Below are some records. Retype exactly the lines from the one containing "Clean Line Lockers, 2" through the one containing "Andre Assous Women's", both included, skipping every picture.

----

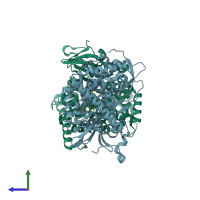 PDB entry 1p0v coloured by chain, side view.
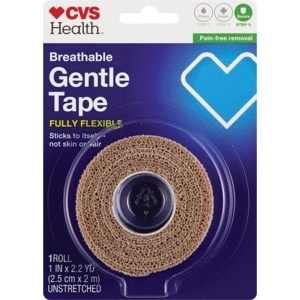 slide 1 of 1, CVS Health Breathable Gentle Tape Beige 1'', 1 ct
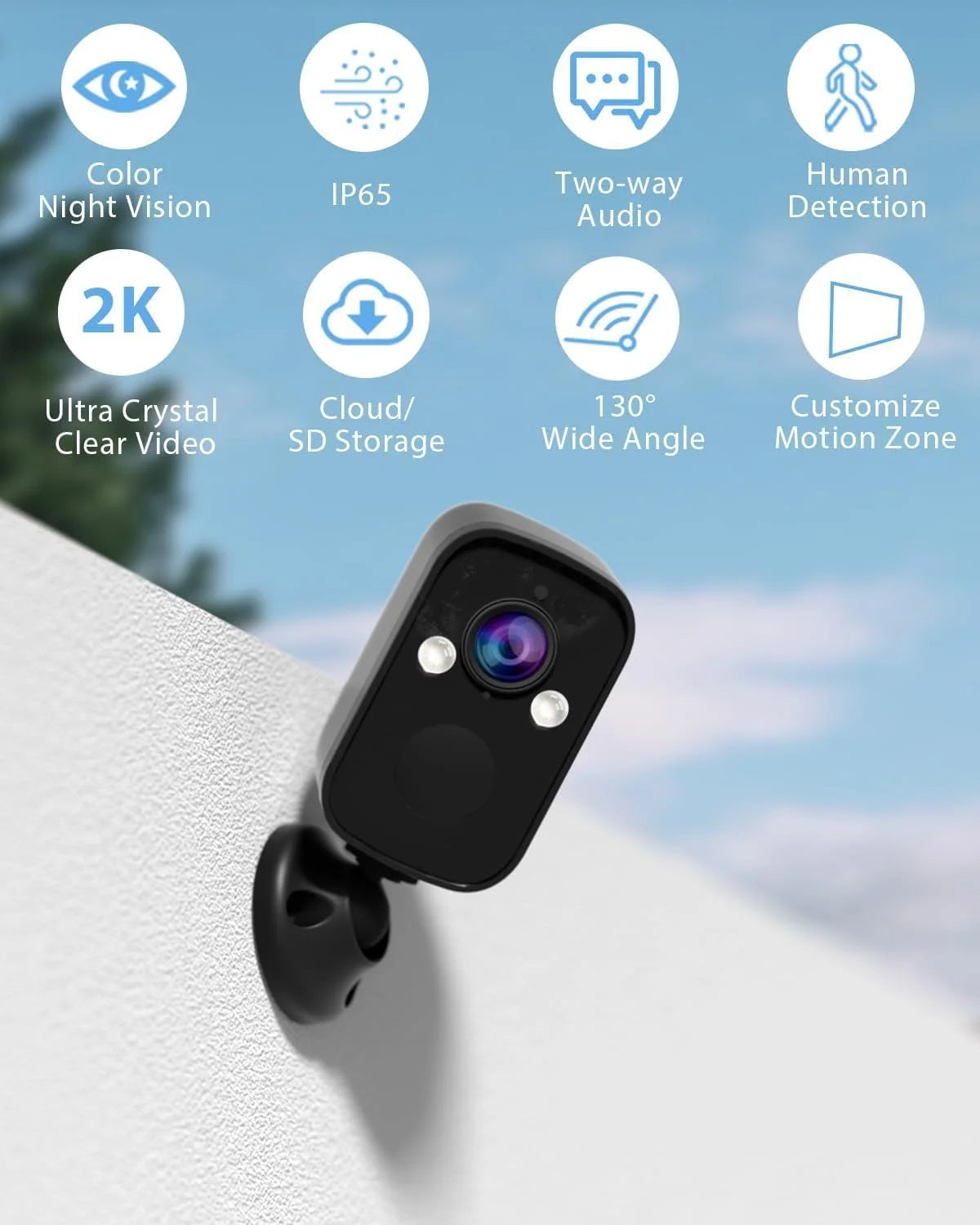 2-Way 2K Talk, Storage Support, Weatherproof, Compatible Full Security 130° Vision, with AI Viewing Night Alexa Detection, Color Outdoor, Camera Cloud/SD Security Motion Angle, with Wireless Camera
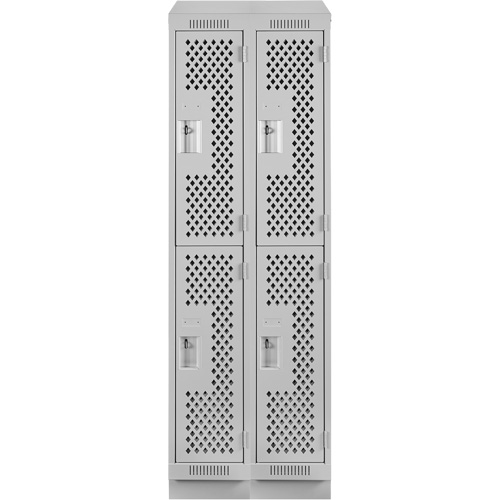 Clean Line Lockers, 2 -tier, Bank of 2, 24" x 12" x 82", Steel, Grey, Rivet (Assembled), Perforated FMT Sales Ltd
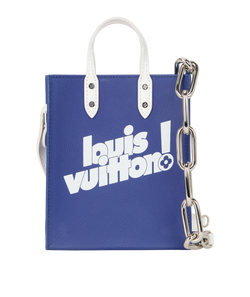 X Virgil Abloh Everyday Sac Plat XS, Leather, Blue/White, NFC, S/B, 3*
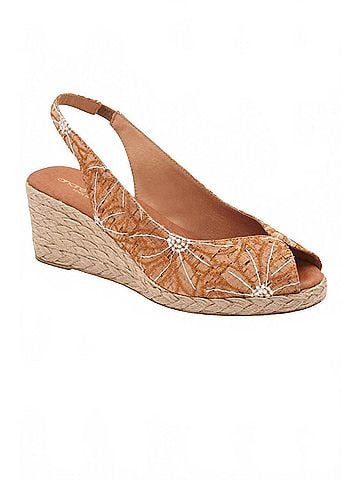 Andre Assous Women's Audrey Cork Slingback Wedge Sandal in Natural Multi (view 2)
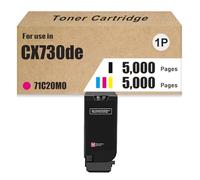 Cartucho De Tóner De Alto Rendimiento CX730de 71C20K0 71C20C0 71C20M0 71C20Y0 Compatible con Impresoras Lexmark CS730de CS735de CX730de CX735adse CX737adzse, 5000 Páginas,Magenta-1 Set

----

**RESPONSE TO THE EXERCISE:**
 Clean Line Lockers, 2 -tier, Bank of 2, 24" x 12" x 82", Steel, Grey, Rivet (Assembled), Perforated FMT Sales Ltd
 X Virgil Abloh Everyday Sac Plat XS, Leather, Blue/White, NFC, S/B, 3*
 Andre Assous Women's Audrey Cork Slingback Wedge Sandal in Natural Multi (view 2)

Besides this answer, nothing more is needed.